• _WORK REQUEST_
Reproduce the listing that follows character for character, excluding its pictures.
----------------------------------------
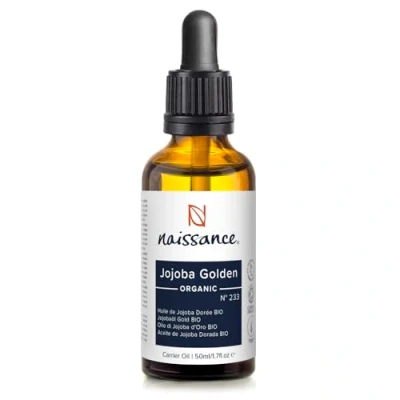 Imagen de Naissance Aceite De Jojoba Orgánico (No. 233) 50ml Sin Refinar Prensado En Frio Tratamiento 100% Natural Hidratante Para Cara, Pelo, Uñas, Barba, Cuerpo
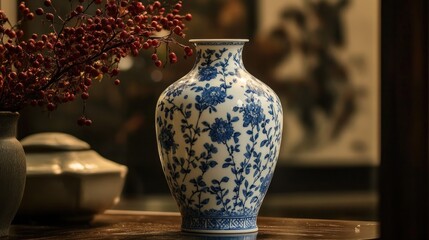 Wall Mural - Blue and White Porcelain Vase with Floral Design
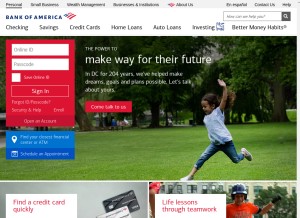 How bankofamerica.com looks like on a tablet such as an iPad.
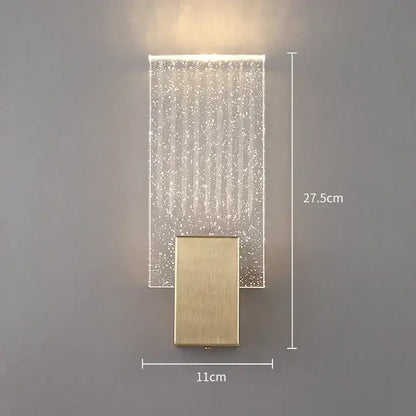Modern gold and glass led wall lamps for bedroom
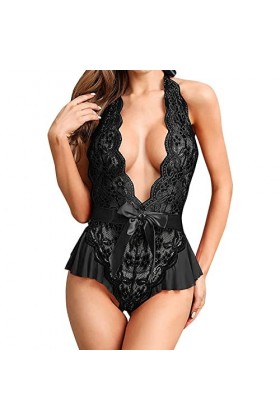 Lingerie sexy pour femme - Sous-vêtements érotiques ouverts et slip en dentelle - Dentelle - Nuisette irrégulière - Nuisette 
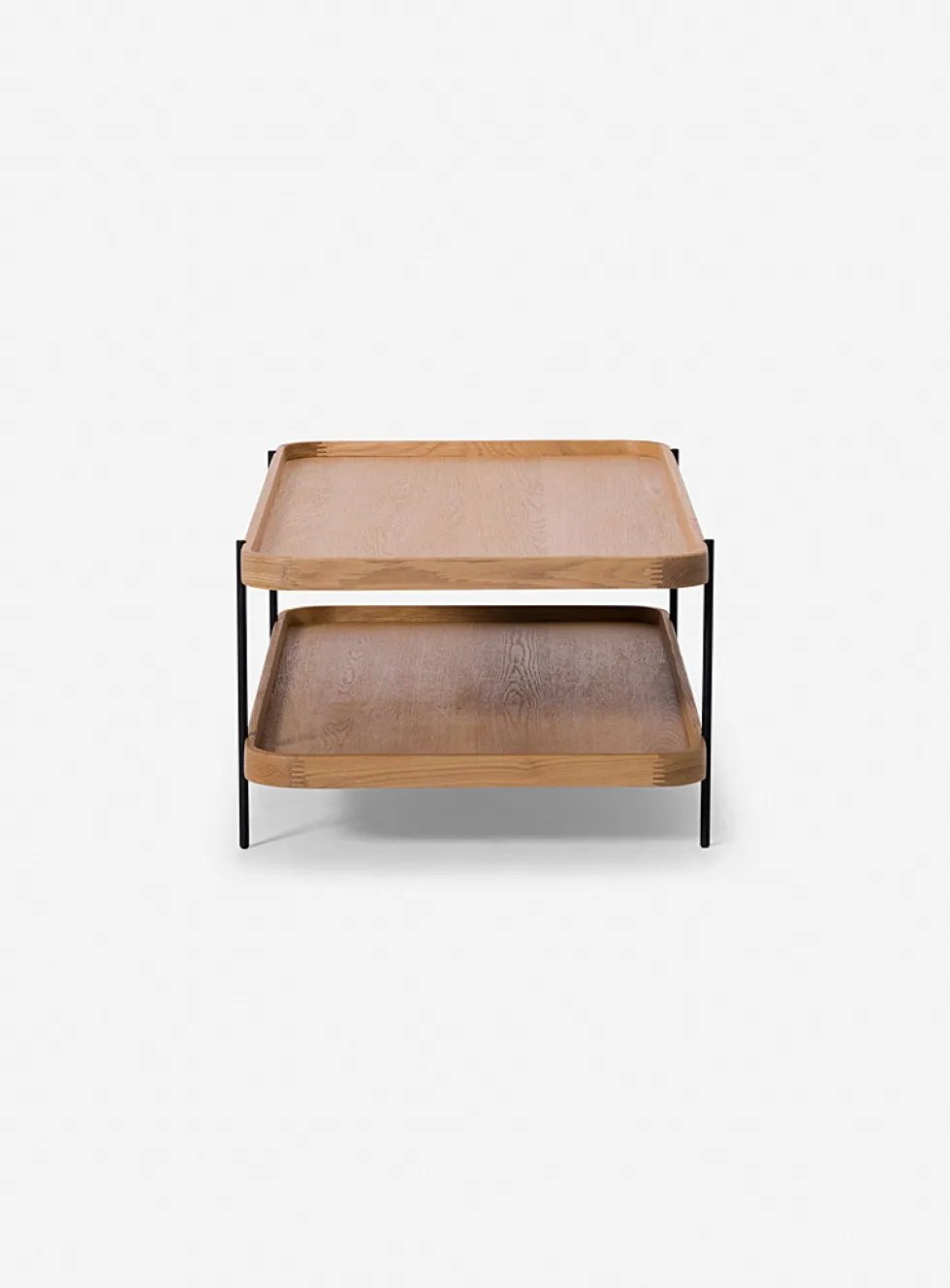 Tiered oak coffee table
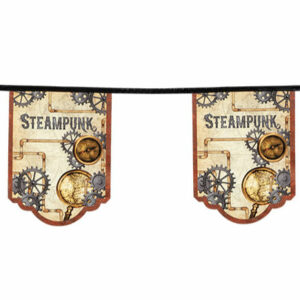 Flaggbanner med Tannhjul Motiver 4 meter - Steampunk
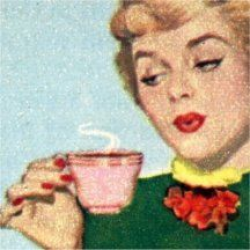 Free Retro Clip Art of Happy People Drinking Coffee & Smiling ...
----------------------------------------
• _ANSWER FOR THE TASK_
 Imagen de Naissance Aceite De Jojoba Orgánico (No. 233) 50ml Sin Refinar Prensado En Frio Tratamiento 100% Natural Hidratante Para Cara, Pelo, Uñas, Barba, Cuerpo
 Wall Mural - Blue and White Porcelain Vase with Floral Design
 How bankofamerica.com looks like on a tablet such as an iPad.
Modern gold and glass led wall lamps for bedroom
 Lingerie sexy pour femme - Sous-vêtements érotiques ouverts et slip en dentelle - Dentelle - Nuisette irrégulière - Nuisette 
 Tiered oak coffee table
 Flaggbanner med Tannhjul Motiver 4 meter - Steampunk
 Free Retro Clip Art of Happy People Drinking Coffee & Smiling ...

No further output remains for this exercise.